The 'governing contribution year' criteria applying to various benefit schemes act as an administrative expression of this principle. As such the criteria provide a mechanism whereby entitlement to a benefit is determined, inter alia, by reference to a particular recent contribution year. At present, this is the 2006 tax year. Any move to extend the criteria to cover a greater number of years would necessarily dilute the contributory principle on which the PRSI system is based.

Self-employed workers, including C2 certificate holders, aged between 16 and 66 years and with reckonable income that exceeds the current insurable limit of €3,174 per annum pay social insurance contributions at PRSI Class S. These contributions are due at 3% of reckonable income, or €253, whichever is the greater.

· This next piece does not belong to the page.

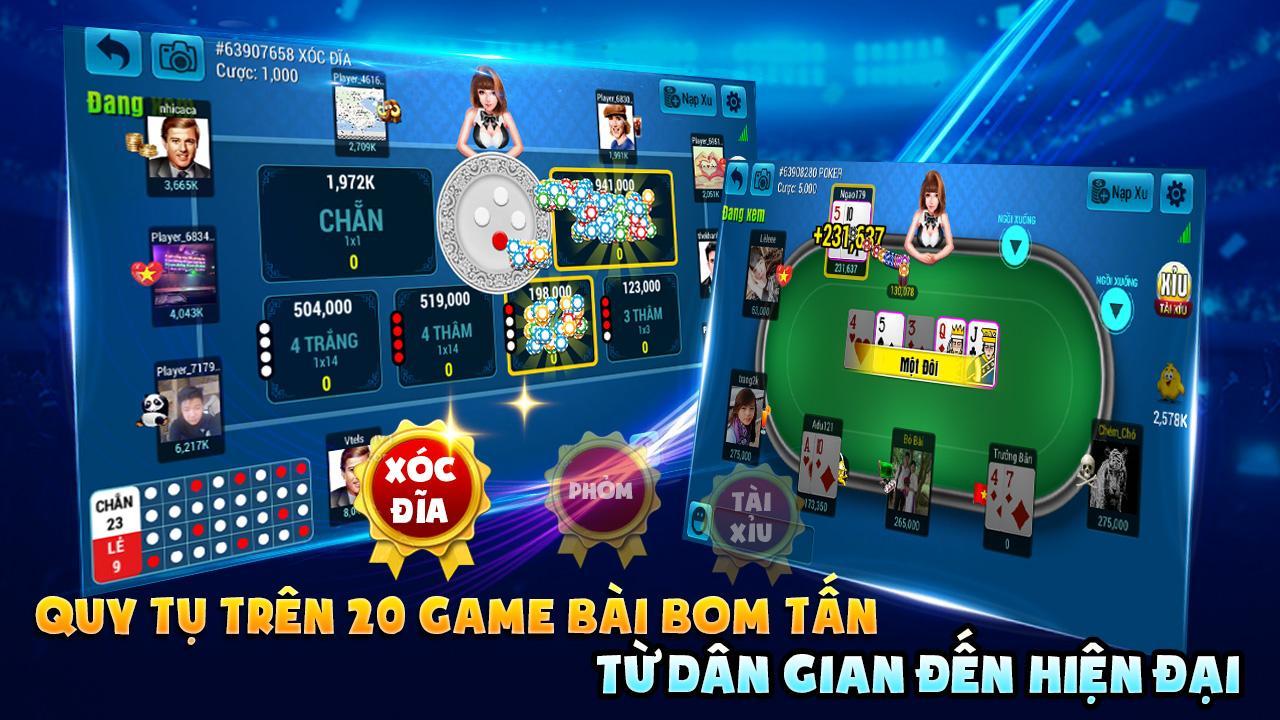 PHET69 - Game bai online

PRSI Class S contributors are entitled to the following payments:

the Widow's or Widower's (Contributory) Pension;

the Guardian's Payment (Contributory);

the State Pension (Contributory);

Maternity Benefit;

Adoptive Benefit, and

the Bereavement Grant.

The range of benefits and pensions to which different groups of workers may establish entitlement reflects the risks associated with the nature of their work. This in turn reflects the rate of contribution payable. Self-employed persons are liable for PRSI at the Class S rate of 3% and are consequently eligible for a narrower range of benefits than general employees who, together with their employers, pay a total social insurance contribution of 14.05%, excluding levies, under the full-rate PRSI Class A.

Self-employed workers are not insured against short-term benefits such as illness and jobseeker's payments — these are only available to persons covered by PRSI Classes A, E, H and P. This reflects the need for coverage for various contingencies, the rate of contributions that self-employed persons pay, the practicalities of administering and controlling access to short-term payments and the annualised system of contributions that these same persons enjoy. A system of separate arrangements for employed and self-employed workers within a social insurance context is common in other European social protection systems.

There are no immediate plans to extend cover for short-term benefits to this group of insured workers. Any such measure would have significant financial implications and would have to be considered within a budgetary context. Consideration would also have to be given to an appropriate increase in the rate of the PRSI Class S contribution.

Class S contributors who do not qualify for an insurance-based benefit may establish entitlement to assistance-based payments by satisfying certain conditions — including a means test.